Task brief ::
Once the pictures are set aside, transcribe the remaining data exactly.

Dataset content ::
___
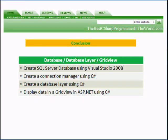In conclusion, we created a SQL Server database using Visual Studio 2008. We created a connection manager using C Sharp. We created a database layer using C Sharp. And we displayed that data in a grid view in ASP.NET using C Sharp.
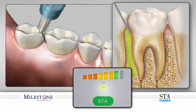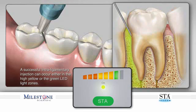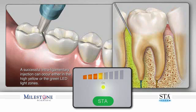Once you feel you are at the base of the sulcus, minimize movement for 10 to 15 seconds as the dynamic pressure sensing technology starts to analyze your position. The visual pressure sensing scale is comprised of a series of orange, yellow, and green LED lights. As the STA system senses pressure building, you will see the sequential illumination of LED lights on the front of the unit.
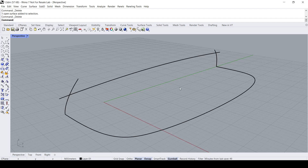Hello everybody. In this basic Rhino video demo I would like to talk about solids and booleans. Let's start.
___
Response to the exercise ::
In conclusion, we created a SQL Server database using Visual Studio 2008. We created a connection manager using C Sharp. We created a database layer using C Sharp. And we displayed that data in a grid view in ASP.NET using C Sharp.
Once you feel you are at the base of the sulcus, minimize movement for 10 to 15 seconds as the dynamic pressure sensing technology starts to analyze your position. The visual pressure sensing scale is comprised of a series of orange, yellow, and green LED lights. As the STA system senses pressure building, you will see the sequential illumination of LED lights on the front of the unit.
Hello everybody. In this basic Rhino video demo I would like to talk about solids and booleans. Let's start.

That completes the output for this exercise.